To help ensure that code performs as expected and is understandable you can have peer reviews and have peers write their own tests against it. A peer test shows how well the code is understood in a way so formal that it compiles.

  • Flesh out a language shared between all developers and business experts (see Ubiquitous Language in Domain Driven Design). Model your domain concepts precisely and unambiguously around that language. The authority for price calculation should be in one central place.
  • Since you seem to use an Outside-in TDD approach, when you approach the core layer (the domain), you'll already have the names of the domain objects thanks to that model. The first developer to need a given domain object (or part of it) can implement it. Team members who subsequently need it will use that implementation.

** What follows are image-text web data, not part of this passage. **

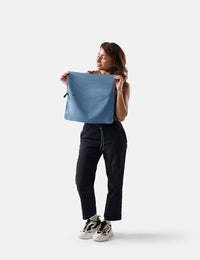 Woman holding a blue towel against a white background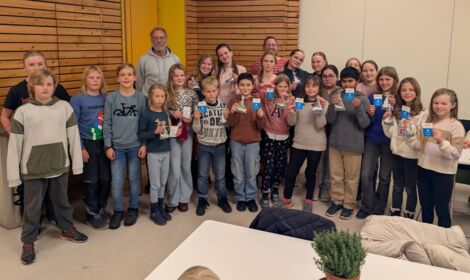 Gruppenfoto von Schüler*innen und Lehrkräften: Es wird zur bestandenen Segelprüfung in der Schule gratuliert.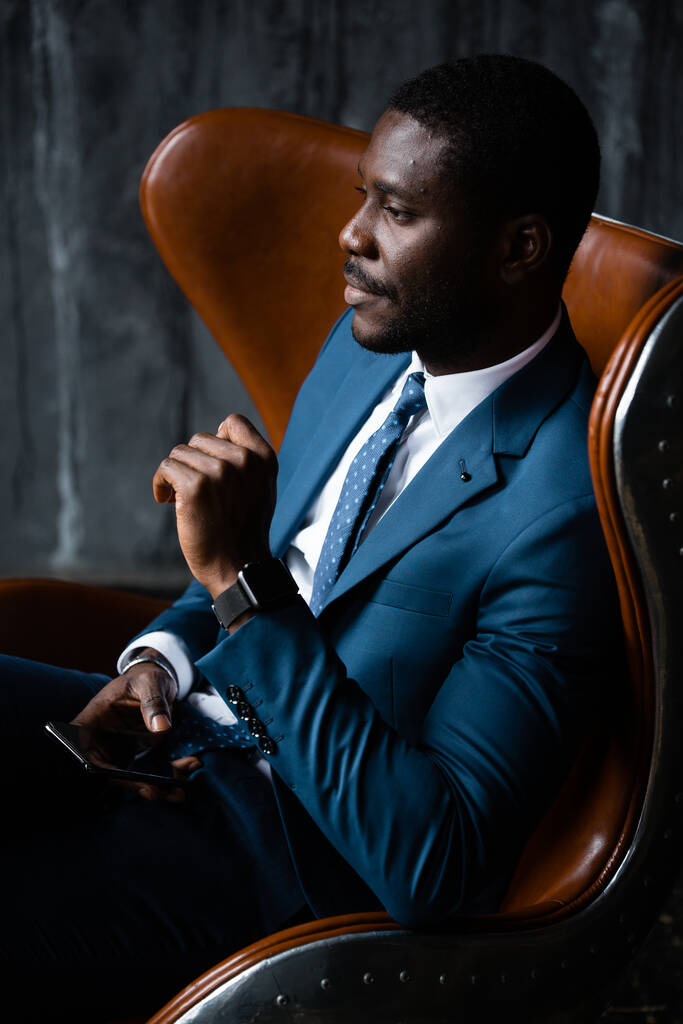 Homme d'affaires afro-américain assis dans un fauteuil loft avec un téléphone dans ses mains - Photo, image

This might differ from an extreme "TDD as if you meant it" approach, as I don't recommend refactoring your domain objects out of the production code as you go. Instead, I believe that when you hit the edge of the domain, you should pause your current test and go and create another unit test for the domain object you need. Implement it completely before going back to the outer layer test. Unlike more technical code, modelling rich business concepts and rules cannot be done in the heat of a minutes-long refactor step. They are too important to be improvised.

As a side note, I guess that a more extremist TDD practice tends to imply pair programming all along and rotating pairs frequently, thus generating much fewer opportunities for conflicting/duplicate implementations. Which might work just as well.